Congress calls on Political parties to reach agreement for the restoration of devolution

6 Oct 2006

Trade unions representing over 215,000 workers across the public and private sectors in Northern Ireland are calling upon our political representatives to strive for agreement in Scotland next week and pave the path for the restoration of devolved powers to the Assembly and Executive.

Peter Bunting, Assistant General Secretary of the Irish Congress of Trade Unions said:

"We in the trade union movement sincerely believe that the people that we have democratically elected are individually and collectively capable of addressing the challenges of government. We contend that the wish of the people of Northern Ireland is to be governed fairly by politicians who are accountable to the electorate which they serve. The future shape of the economy and our society is currently being decided by direct rule ministers and the turbulence of our globalised environment.
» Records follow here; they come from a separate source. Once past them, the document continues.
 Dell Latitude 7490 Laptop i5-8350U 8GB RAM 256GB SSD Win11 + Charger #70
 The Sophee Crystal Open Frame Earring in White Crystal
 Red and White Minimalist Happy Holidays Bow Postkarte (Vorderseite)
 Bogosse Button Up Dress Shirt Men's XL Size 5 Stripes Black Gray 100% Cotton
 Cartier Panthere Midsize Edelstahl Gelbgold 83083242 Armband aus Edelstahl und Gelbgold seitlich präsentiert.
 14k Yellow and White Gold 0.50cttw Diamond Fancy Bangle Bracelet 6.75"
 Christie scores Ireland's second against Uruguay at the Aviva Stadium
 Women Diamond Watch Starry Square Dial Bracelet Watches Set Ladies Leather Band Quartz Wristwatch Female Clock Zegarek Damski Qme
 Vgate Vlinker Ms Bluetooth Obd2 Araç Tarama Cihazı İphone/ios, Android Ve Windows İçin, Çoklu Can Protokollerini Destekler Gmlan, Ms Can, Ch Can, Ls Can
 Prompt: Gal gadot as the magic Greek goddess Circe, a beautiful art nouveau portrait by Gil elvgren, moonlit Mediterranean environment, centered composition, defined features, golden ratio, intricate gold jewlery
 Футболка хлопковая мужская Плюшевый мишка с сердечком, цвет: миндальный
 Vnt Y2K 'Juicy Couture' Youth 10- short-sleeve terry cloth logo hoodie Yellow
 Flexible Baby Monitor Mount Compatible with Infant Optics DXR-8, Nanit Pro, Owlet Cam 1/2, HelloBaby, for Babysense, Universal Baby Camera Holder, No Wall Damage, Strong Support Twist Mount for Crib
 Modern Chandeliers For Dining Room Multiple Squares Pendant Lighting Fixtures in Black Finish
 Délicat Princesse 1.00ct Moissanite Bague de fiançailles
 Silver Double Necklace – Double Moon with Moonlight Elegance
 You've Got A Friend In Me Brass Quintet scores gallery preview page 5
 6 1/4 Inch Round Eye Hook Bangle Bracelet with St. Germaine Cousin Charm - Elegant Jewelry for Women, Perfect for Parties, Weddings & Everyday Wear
It is right and proper that we too have our say in our present and our future.

"In the coming months, there will be issues that we believe would be best addressed by locally accountable politicians, such as the ongoing Review of Public Administration, the funding snarl in our schools and the operations of the Strategic Investment Board. What all three of those developments have in common is that they are hugely expensive, have permanent consequences and are utterly unaccountable to the people.

"We have already felt the impact of decisions made by the quangocratic apparatus of direct rule without the 'inconvenience' of local input, notably Water Charges and jobs lost or under threat. Then there is the wider concern of the effect on public confidence in politics itself. Perhaps the parties should reflect on the devolved Scotland beyond Fairmont St Andrew's Hotel. Devolution has been an outstanding success for our Welsh and Scottish friends and cousins. Why not us?

For a century and a half, trade unions in Britain and Ireland have been at the forefront of campaigns for democracy. We have consistently held the view that democracy is good because it embraces, rather than excludes, because your vote is worth as much as mine, and because we can disagree without dying.

This view of political life is shared by the vast majority of Northern Irish people who turn out regularly to participate in democratic elections. It is time for those votes and that viewpoint to be respected by the people we have trusted with our ballots."